「この世にたやすい仕事はない」という本をみつける

たまたまこのタイトルが目について手に取ったのは、今後の仕事についての向き合い方を鬱々と考えている時だった。

この本を完全に仕事についての自己啓発本だと思い込んでいた。悩んでいたのでなんでもいいから参考にしたいとページを開く。
目次に5種類の仕事が記されていて「これらの仕事についてインタビューとかしたのかな?」なんて思いながら先に進める。

一番目は「みはりのしごと」というもの。
ある小説家を常に監視しているという内容に「そんな仕事、現実にありえないはず」となり、次第にこれは小説なのだと理解していった。

思い込みとは怖いもので、そこまでいかないと気付かないなんて普段は無いのだけど、よっぽど悩んでいたのか私は。

仕事についての参考本が読みたかったと残念に思いつつ、せっかくだからと読み進めて行く。

本書のあらすじは36歳の女性が、長く勤めていた専門職を辞めて次の仕事を探すべく5つの職を渡り歩く短編小説。

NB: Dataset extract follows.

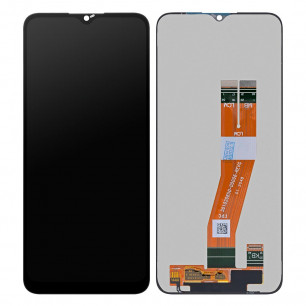 Дисплей Samsung A025 Galaxy A02s, A035 Galaxy A03, A037 Galaxy A03s, (160.5mm), с тачскрином, Original PRC, Black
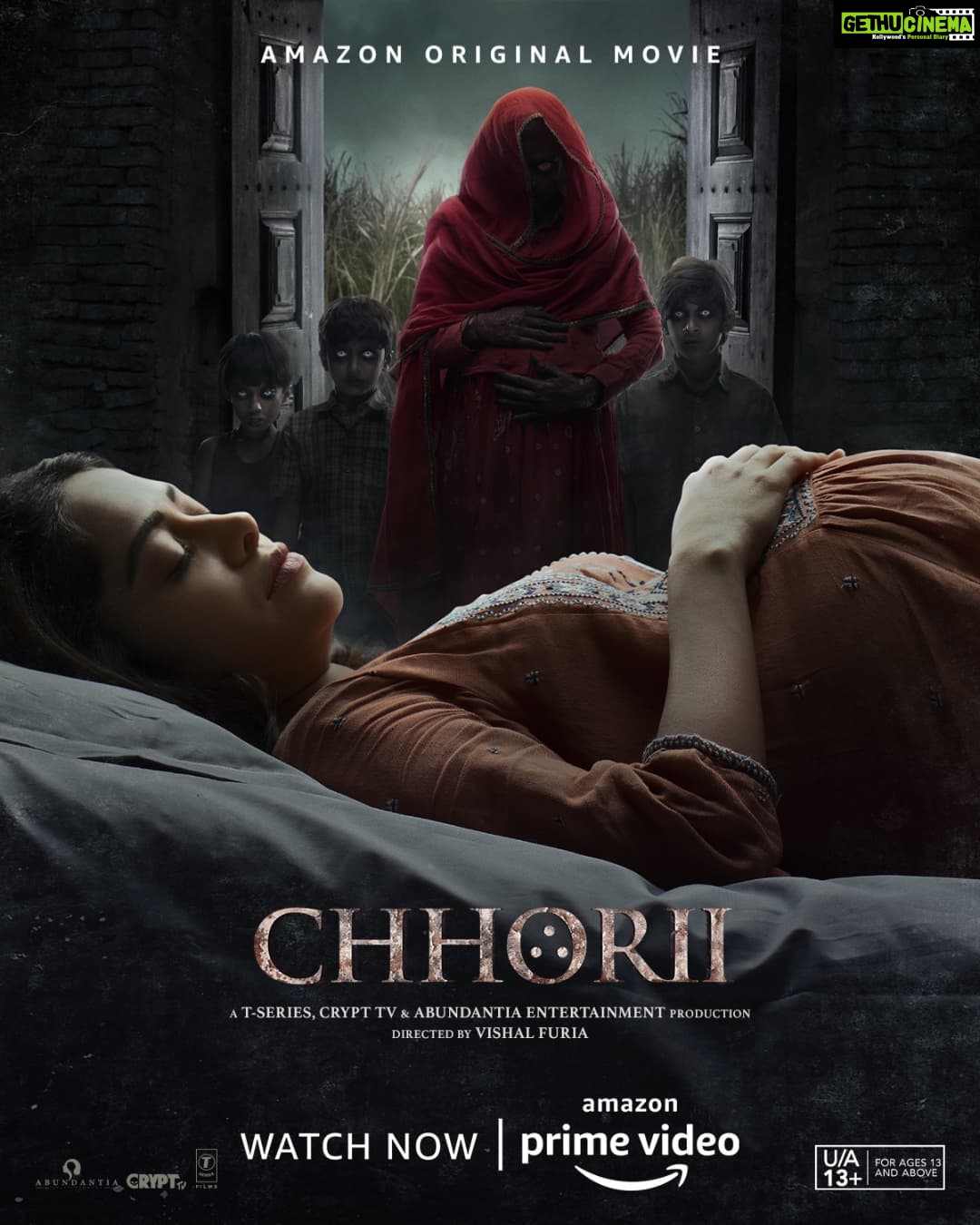 Nushrratt Bharuccha Instagram - Aa Gayi Hai Chotti Mayi, Kheloge Uske Sath? #ChhoriiOnPrime, Watch Now @furia_vishal @primevideoin @tseries.official @tseriesfilms @abundantiaent @crypttv @Psychscares @ivikramix @shikhaarif.sharma @notjackdavis #Bhushankumar @ritwickm_ @instasaurabh @mitavasisht @rajeshjais @yaaneeabharadwaj @thevishalkapoor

「みはりのしごと」の他にもバスのアナウンスに使う宣伝文を考える仕事、おかきの袋裏にある豆知識の内容を考える仕事など結構クリエイティブなこともこなしている。

実際にありえそうなこれらの仕事。
毎回、事件とまでは言えない出来事が起きて辞めることになり次の職を探す。

ここはどんな仕事内容なのか、ここでは何が起きて辞めることになるのかという期待感。主人公の仕事への向き合い方や心情の部分も面白い。

「路地を訪ねるしごと」は、またなんとも奇妙な感じの仕事。官公庁の依頼で家々を回りポスターを貼る許可を得ながら、住民の情報を集めるというもの。この話は、昨今でも話題の社会問題を思い出させ、怖い上に最後は悲しい気持ちになってしまった。

結構好きだったのが「大きな森の小屋での簡単なしごと」というもの。
最後のこの仕事をきっかけに、主人公は自分と向き合い今後の生き方をきめる。
大森林公園の小屋に警備員の様に常駐するという、なんとも退屈極まりなさそうな仕事で周りは木ばかりで人もいない。下手したら遭難するかもしれない。
そんな環境でも主人公は色々と工夫し仕事に馴染んでいくが、そこでまた何かが起きる。管理事務所のおじさんとの掛け合いや主人公の心のツッコミ部分が笑える。

どうやらドラマ化もされていたらしい本書は2015年10月に刊行されたもの。
私はこの著者を2023年の現在初めて知り、他の作品も読んでみたいと思った。
読みたい本は山のようにあるけれど、著者との出会いにまた読みたい本が増えたと喜んでいる。